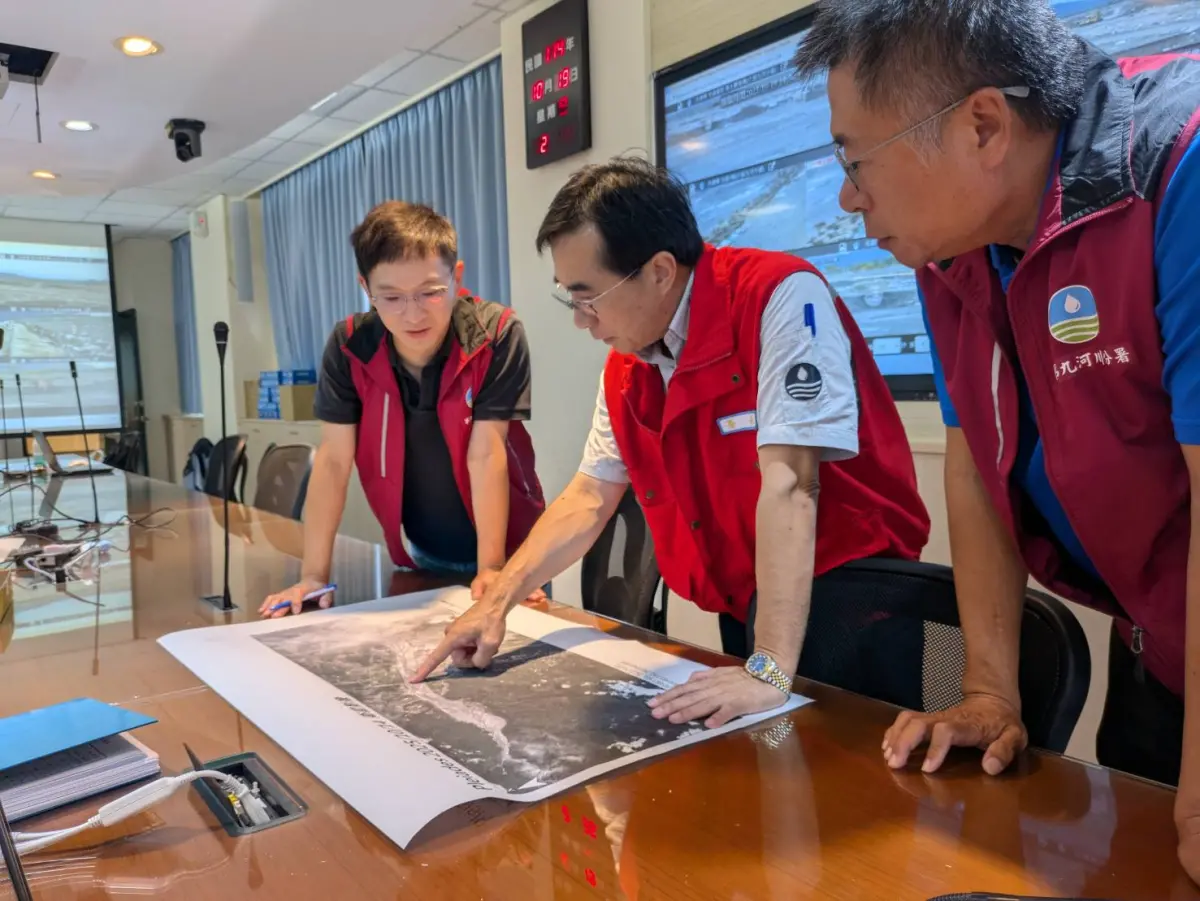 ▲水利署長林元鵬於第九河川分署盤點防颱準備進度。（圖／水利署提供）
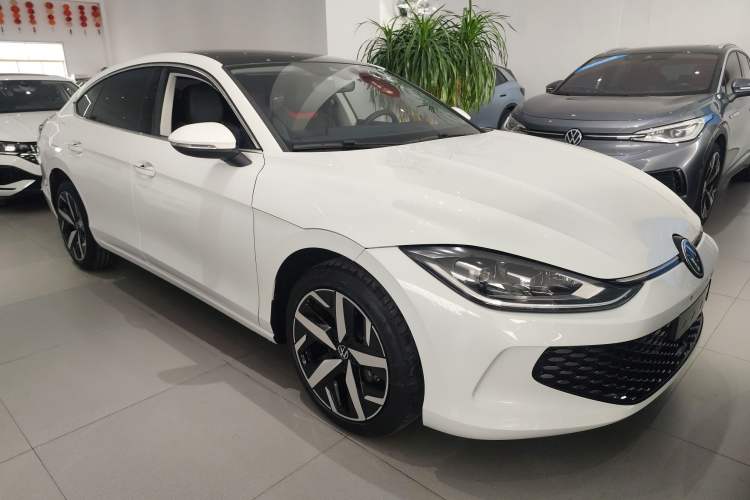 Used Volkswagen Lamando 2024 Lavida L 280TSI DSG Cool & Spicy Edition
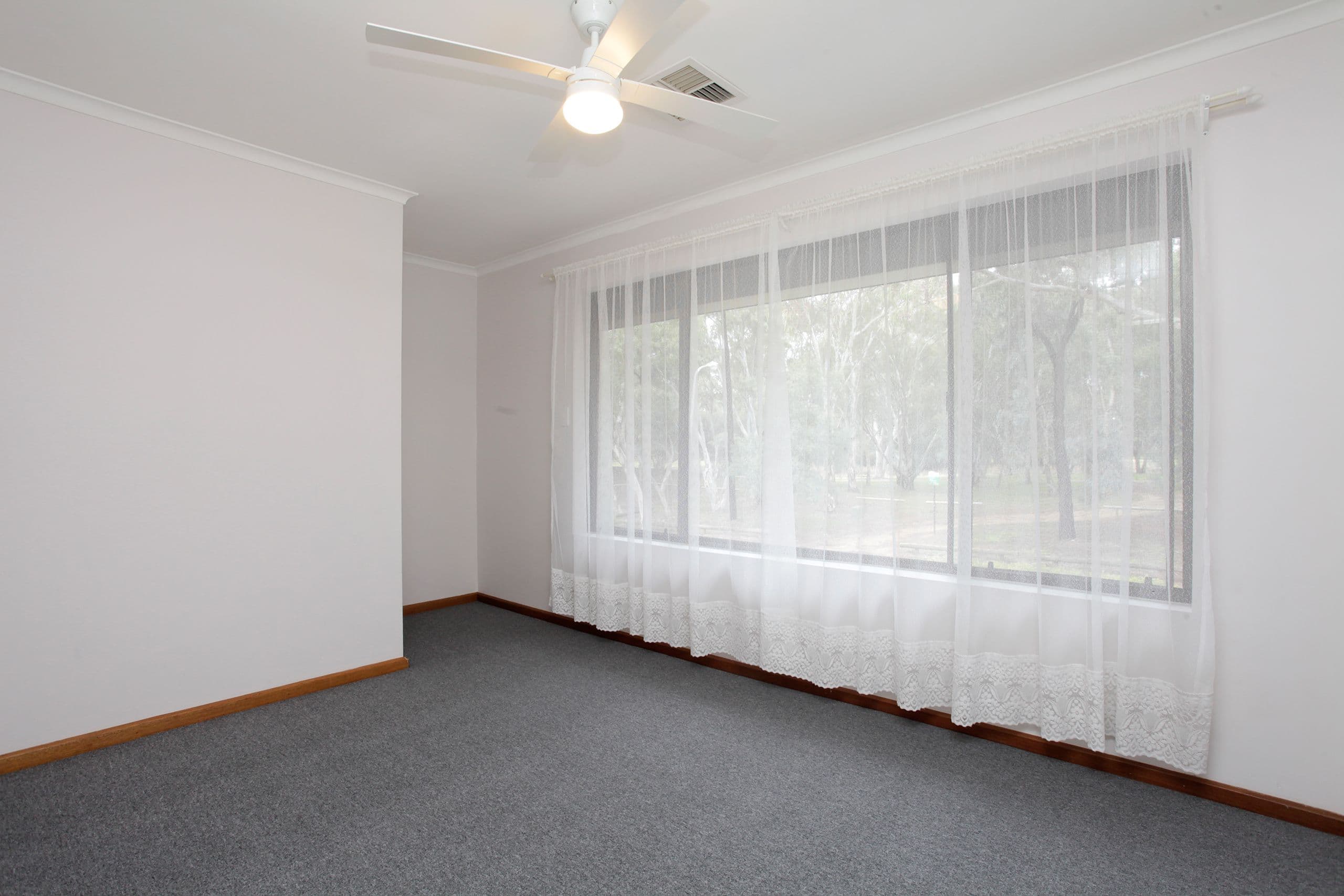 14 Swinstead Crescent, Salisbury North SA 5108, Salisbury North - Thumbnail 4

▸ EXERCISE DETAILS
With images left out, the data must be transcribed exactly.

▸ THE COMPLETED TASK
 ▲水利署長林元鵬於第九河川分署盤點防颱準備進度。（圖／水利署提供）
 Used Volkswagen Lamando 2024 Lavida L 280TSI DSG Cool & Spicy Edition
 14 Swinstead Crescent, Salisbury North SA 5108, Salisbury North - Thumbnail 4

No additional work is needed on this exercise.